Abstract
A series of studies on laminar flame propagation in off-stoichiometric dilute sprays of monodispersed inert or fuel drops had been investigated by large activation energy asymptotics. The present study extends previous theoretical model to consider water/octane core/shell structured drops instead of single-phase drops. The core/shell structured drops are composed of core fluid (water) encased by a layer of shell fluid (n-octane). In this study, we only deal with the case that core/shell structured drops are vaporized completely just at flame location. Namely, the discussions of this paper are restricted to the completely prevaporized mode. By varying parameters of core water radius, core-to-shell ratio, the amount of liquid loading, and the stoichiometric ratio (lean or rich burning), we examine the gasification of core water and shell fuel of core/shell structured drops upstream of the bulk flame and its relation to the internal heat transfer. The effects of drop radius, core-to-shell ratio, liquid loading, and overall heat loss or gain on flame propagation flux are reported and discussed.
1. Introduction
Motivation of the spray theory considering core/shell structured drops came from a providence notion of carrying certain purpose substance which is encased by a layer of shell liquid fuel into combustion system. For instance, core/shell structured drops are composed of core calcium oxide (CaO) suspension and shell diesel. As shell diesel burned out and produced carbon dioxide, the calcium oxide of core could capture CO2 in situ of the combustion system. By varying core-to-shell ratio, the operation temperature and captured rate of CO2 can be taken into account for an innovative combustion technology.

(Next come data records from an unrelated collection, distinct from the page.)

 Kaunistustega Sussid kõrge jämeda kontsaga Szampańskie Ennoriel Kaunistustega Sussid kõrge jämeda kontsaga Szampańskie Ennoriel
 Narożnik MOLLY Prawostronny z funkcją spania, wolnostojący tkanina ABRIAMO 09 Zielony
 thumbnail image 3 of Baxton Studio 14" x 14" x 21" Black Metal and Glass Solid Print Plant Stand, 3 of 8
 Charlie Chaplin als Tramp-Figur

Owing to the successful introduction of large activation energy asymptotics in combustion, great progress has been made in understanding the physics of the flame [1–6]. As a result, numerous investigations have been devoted to asymptotic theories of steady deflagrations with heat losses [7–15], stretch [9, 11, 15–17], and preferential diffusion (nonunity Lewis number) [12, 13, 18].
In 1988, Lin et al. [19] had successfully introduced asymptotic techniques to analyze laminar flame propagation in off-stoichiometric dilute sprays. Subsequently, a series of theoretical researches were documented following the theoretical model. Huang et al. [20] investigated the influence of liquid loading on the flame propagation of dilute sprays in nonconserved systems. Those results indicated that the combustible spray in rich mixture plays a role as inert spray, leading to an S-shaped extinction curve similar to the result of Mitani [21]. It is well recognized that a homogeneous laminar premixed flame influenced by external heat loss can be adequately described by a C-shaped extinction curve (a double-valued function) [22] in which the extinction limit is identified by the turning point. The participation of fuel or inert spray effects further produced so-called internal heat transfer (heat gain or heat loss) to the system and thereby resulted in an S-shaped extinction curve (a triple-valued function) on spray flame extinction [22].

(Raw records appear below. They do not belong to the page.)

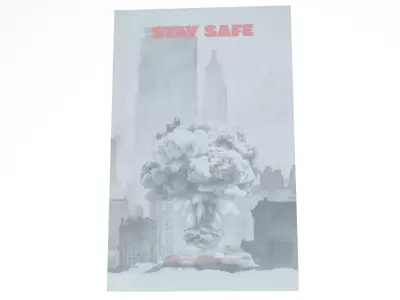 Low Poly Vault Stay Safe Poster Fallout Game Ready High Quality Low-poly 3D model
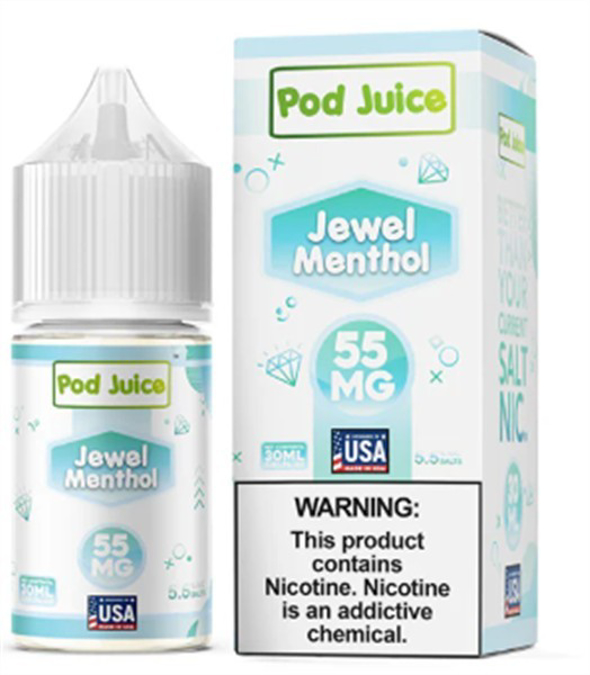 Picture of POD JUICE E JUICE 55MG 30ML - JEWEL MENTHOL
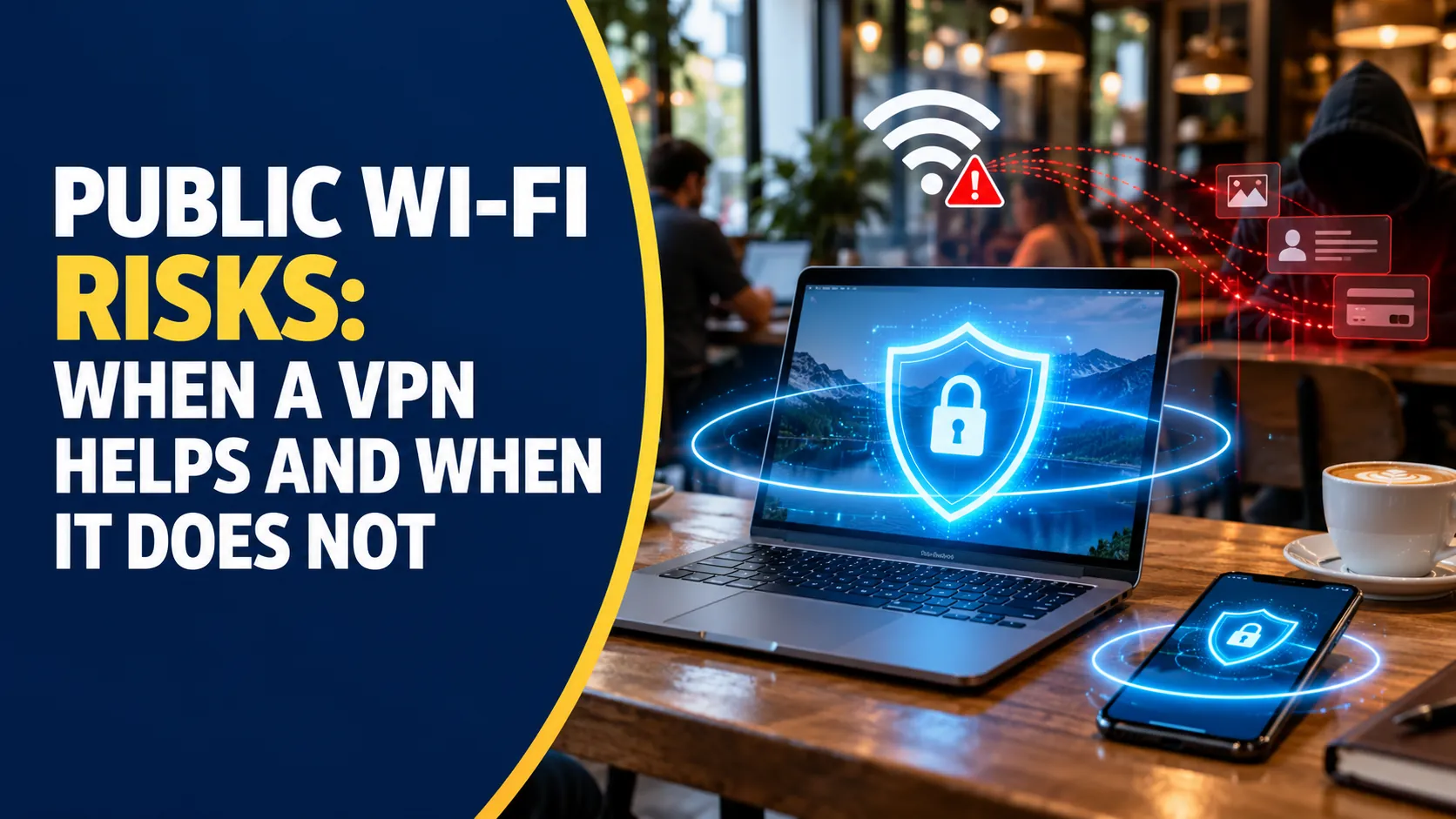 Public Wi-Fi Risks: When a VPN Helps and When It Does Not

Water mist is an effective fire suppression agent, which is extensively used for fire protection/inhibition applications [23–25]. Considering flow stretch and preferential diffusion, Liu et al. [26] had analyzed the influence of water sprays on the extinction of a methane-air premixed flame propagating in a stagnation point flow (a two-dimensional model) by using activation energy asymptotics. Subsequently, extinction characteristics of fuel-spray burning in the positively-stretched stagnation-point flow were investigated by Hou [27].
Extinction theory of spray premixed flames influenced by flame stretch and Lewis number can be modeled in a Bunsen flame tip. The effects of water and fuel spray on Bunsen flame tips were discussed in Lin et al.’s study [28]. Additionally, considering the propagation of a premixed flame in a closed tube with varying cross-sectional area [29], the flame can also be stretched due to the effects of nonuniform duct. It was concluded that positive flame stretch increases the mass burning rate for flames with Lewis number larger than unity, and negative flame stretch has the opposite effect.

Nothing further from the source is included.